DATA:
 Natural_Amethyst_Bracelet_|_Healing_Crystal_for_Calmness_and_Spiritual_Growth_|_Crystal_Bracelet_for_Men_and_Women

--

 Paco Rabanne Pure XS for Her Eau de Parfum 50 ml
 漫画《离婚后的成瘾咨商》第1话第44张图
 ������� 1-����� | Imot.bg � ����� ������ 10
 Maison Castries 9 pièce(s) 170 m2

PROBLEM DESCRIPTION: Looking at the records above, return exactly the lines from the line with "Paco Rabanne Pure" to the line with "Maison Castries 9 pièce(s) 170 m2", both ends included.

WRITTEN REPLY:
 Paco Rabanne Pure XS for Her Eau de Parfum 50 ml
 漫画《离婚后的成瘾咨商》第1话第44张图
 ������� 1-����� | Imot.bg � ����� ������ 10
 Maison Castries 9 pièce(s) 170 m2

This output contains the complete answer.